The RCMP’s discriminatory treatment of Mr. Tahmoupour denied him the opportunity to complete his training at the Depot and to make his living as an RCMP officer. He must be compensated for the loss of wages that he would have earned. Non-visible minority cadets had a 93% chance of completing training. That justifies some discount from the compensation to be awarded (justifying a 7% discount). A further 1% discount is warranted because the average rate of attrition for regular members during the first 20 years of employment is 1%. No discount is warranted to reflect the chance that Mr. Tahmourpour’s demonstrated weaknesses increased the likelihood that he would not graduate, because it is not possible to know to what extent his weaknesses were caused by discriminatory treatment. It is necessary to take into account Mr. Tahmourpour’s obligation to mitigate his losses. Mr. Tahmourpour did not make sufficient efforts to minimize his losses from the time he left the Depot until the commencement of the hearing. However, from 2000 to 2002, it was difficult for him to work because of the psychological impact of his experiences at the Depot, and because of the time necessarily spent by him on his complaint. On that basis, the grace period was established at 2 years and 12 weeks. However, Mr. Tahmourpour could have been gainfully employed after that time. (emphasis added)

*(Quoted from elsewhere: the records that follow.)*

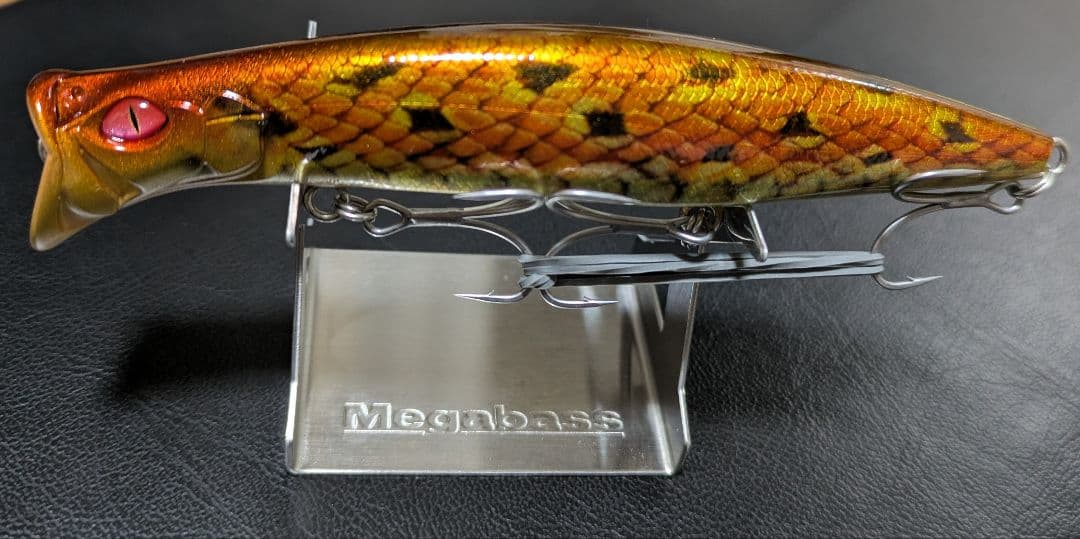 お買い得　シーバスルアーセット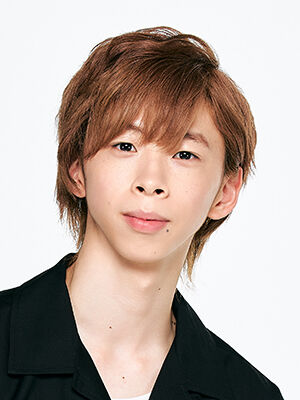 悲報 ドル豚が必死に貢いでいた乃木坂メンバー ジャニーズの超絶イケメンに奪われてしまうｗｗｗｗ スパロボニュース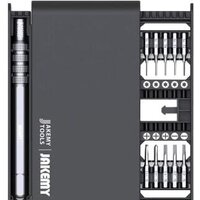 Jakemy JM-8170 (21 предмет)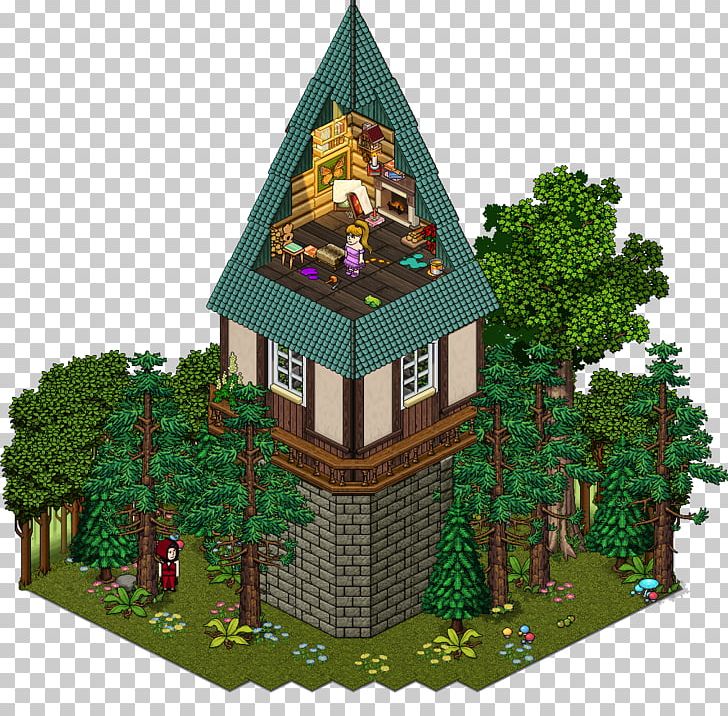 House Biome PNG, Clipart, Art Gif, Biome, Building, Habbo, Habbo Room Free PNG Download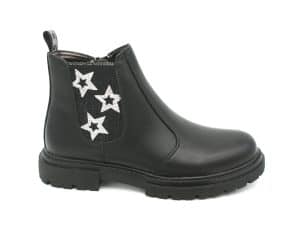 ASSO AG17557 TRONCHETTO BIMBA E RAGAZZA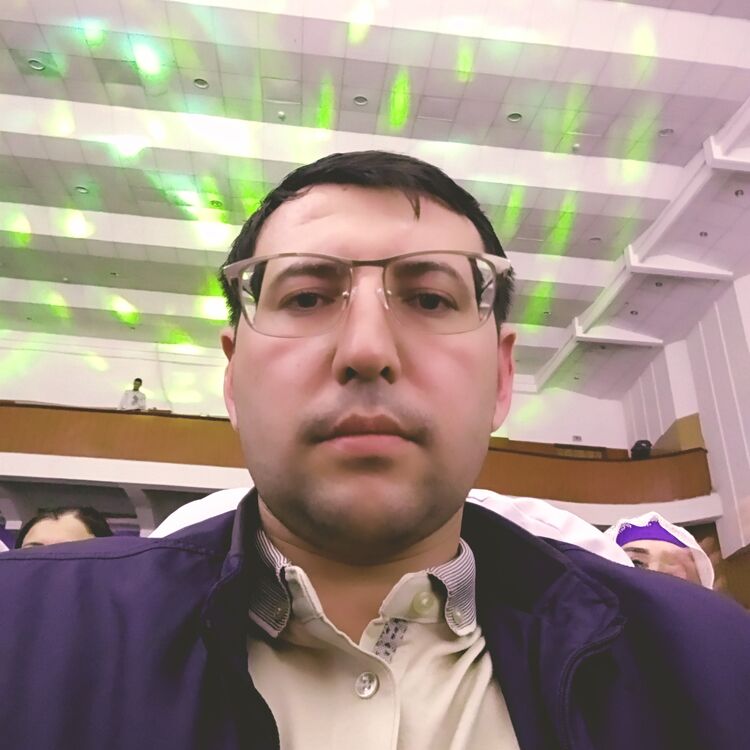 ���� 26717436 ������� Fedya, 38 ���, ���� ���������� � ��������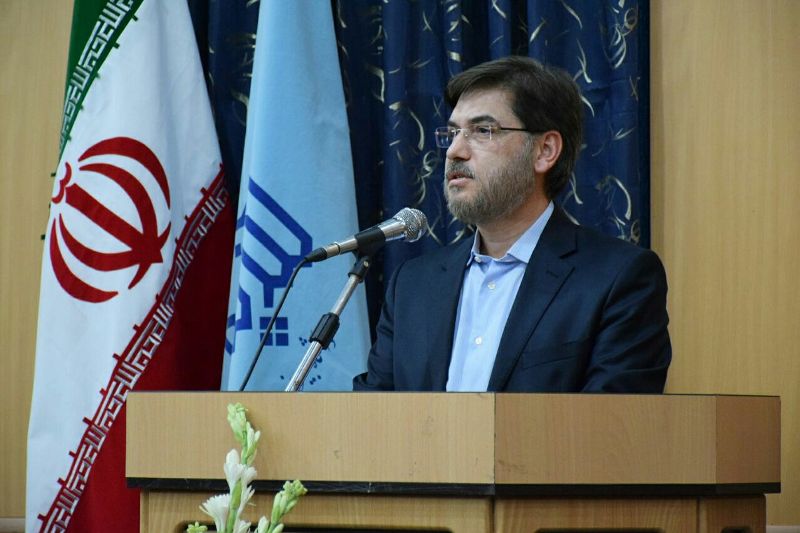 پایان نامه در كدام دانشگاه ها بیشتر تقلب می شود ؟ پایان نامه در كدام دانشگاه ها بیشتر تقلب می شود ؟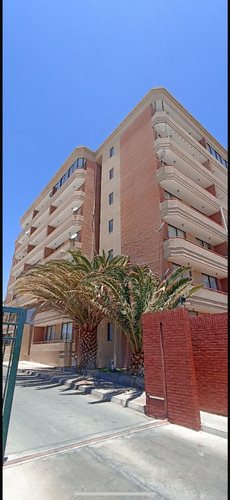 Departamento Con La Mejor Ubicacion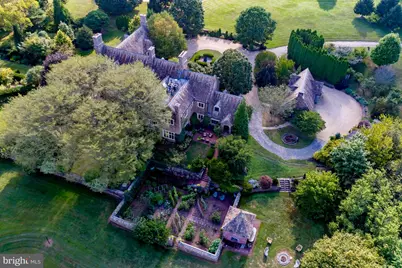 1601 Brintons Bridge Road, Chadds Ford, PA 19317 - Photo 33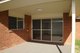 Photo - 28 Volta Avenue, Dubbo NSW 2830 - Image 10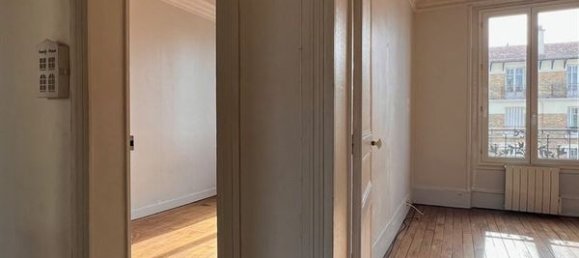 3 bedrooms Duplex in Vincennes, France No. 171124 12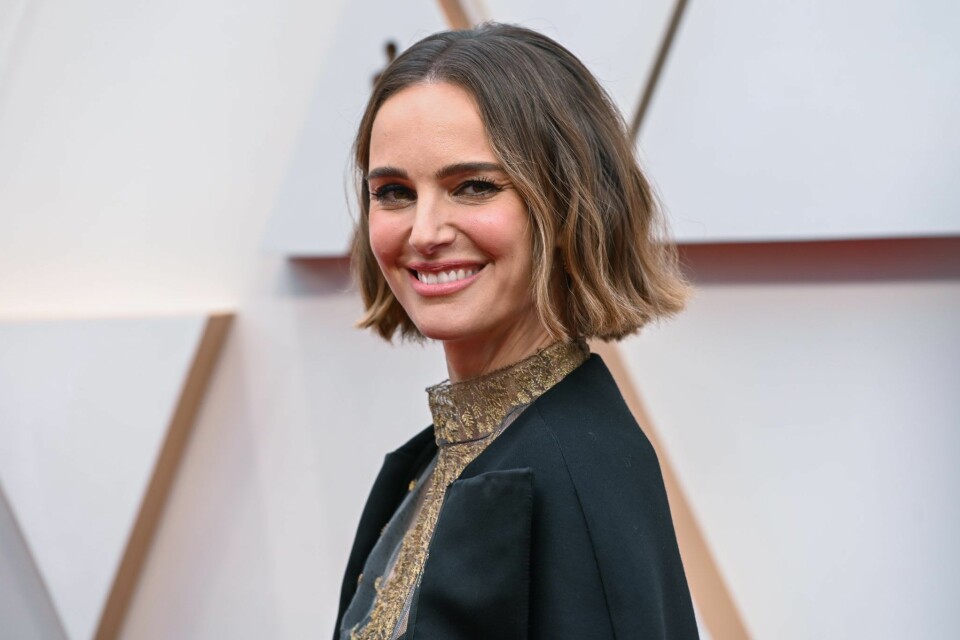 Kändisar som pluggat på världens främsta universitet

[47] As I understand the Tribunal’s decision, there were no other facts that were taken into account in determining the amount of the monetary compensation awarded to Mr. Tahmourpour. I am unable to discern from the Tribunal’s decision why the Tribunal chose, as the end point of the second time period, the date on which Mr. Tahmourpour accepts or rejects an offer of re-enrolment, as opposed to an earlier fixed date. I agree with the judge that the Tribunal did not put its mind to the question of when, after the end of the grace period, the discrimination suffered by Mr. Tahmourpour ceased to have an effect on his income earning capacity. In the absence of an explanation from the Tribunal, that part of the Tribunal’s award providing for the top-up cannot be found to be reasonable. (emphasis added)

[48] As there is one ground of appeal on which I agree with the judge, a question arises as to whether the remedy ordered by the judge (that the matter be returned to the Tribunal for rehearing) should be permitted to stand. In my view, the question as to what cap or other limitation should be placed on the top-up is a question that must be answered by the Tribunal. Therefore, I would return this matter to the Tribunal only for the purpose of considering the imposition of a cap or limitation on the top-up. (emphasis added)

Judicial Review by the Federal Court

[84] Next, the applicant (RCMP) submits that there ought to have been a cap on the lost wages award in the order of two years. The applicant relies on the decisions of the Canadian Human Rights Review Tribunal and the Federal Court of Appeal in Morgan v. Canada (Canadian Armed forces), [1990] C.H.R.D. No. 10 (QL); rev’d [1992] 2 F.C. 401 (C.A.).

[85] In Morgan, Mr. Morgan was found to have been denied a position of employment with the Canadian Armed Forces by the discriminatory action of the Forces, as opposed to merely losing an opportunity for employment. A majority of the Review Tribunal held that when an order of reinstatement is made, compensation ought to continue until there is compliance with the order. The Federal Court of Appeal disagreed. It found that the Review Tribunal erred in failing to establish a cap or cut-off point for the compensation period independent of the reinstatement order. The Court endorsed the observation of the minority member of the Review Tribunal that the duration of the compensatory period need not coincide with re-instatement whenever it may occur and held that the majority erred in failing to establish that cap. … (emphasis added)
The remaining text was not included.